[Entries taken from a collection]
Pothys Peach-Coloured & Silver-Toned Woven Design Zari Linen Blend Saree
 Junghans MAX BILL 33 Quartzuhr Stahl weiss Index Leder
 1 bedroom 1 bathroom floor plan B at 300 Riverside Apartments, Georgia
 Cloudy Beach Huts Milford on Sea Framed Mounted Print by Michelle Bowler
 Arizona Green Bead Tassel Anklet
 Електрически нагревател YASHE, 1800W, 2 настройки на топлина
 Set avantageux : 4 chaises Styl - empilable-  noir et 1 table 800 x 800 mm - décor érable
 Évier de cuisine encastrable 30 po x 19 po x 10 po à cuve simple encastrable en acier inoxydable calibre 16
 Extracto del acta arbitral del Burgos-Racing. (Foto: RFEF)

*ACTION ITEM:* Copy every record verbatim.

*SOLUTION:*
Pothys Peach-Coloured & Silver-Toned Woven Design Zari Linen Blend Saree
 Junghans MAX BILL 33 Quartzuhr Stahl weiss Index Leder
 1 bedroom 1 bathroom floor plan B at 300 Riverside Apartments, Georgia
 Cloudy Beach Huts Milford on Sea Framed Mounted Print by Michelle Bowler
 Arizona Green Bead Tassel Anklet
 Електрически нагревател YASHE, 1800W, 2 настройки на топлина
 Set avantageux : 4 chaises Styl - empilable-  noir et 1 table 800 x 800 mm - décor érable
 Évier de cuisine encastrable 30 po x 19 po x 10 po à cuve simple encastrable en acier inoxydable calibre 16
 Extracto del acta arbitral del Burgos-Racing. (Foto: RFEF)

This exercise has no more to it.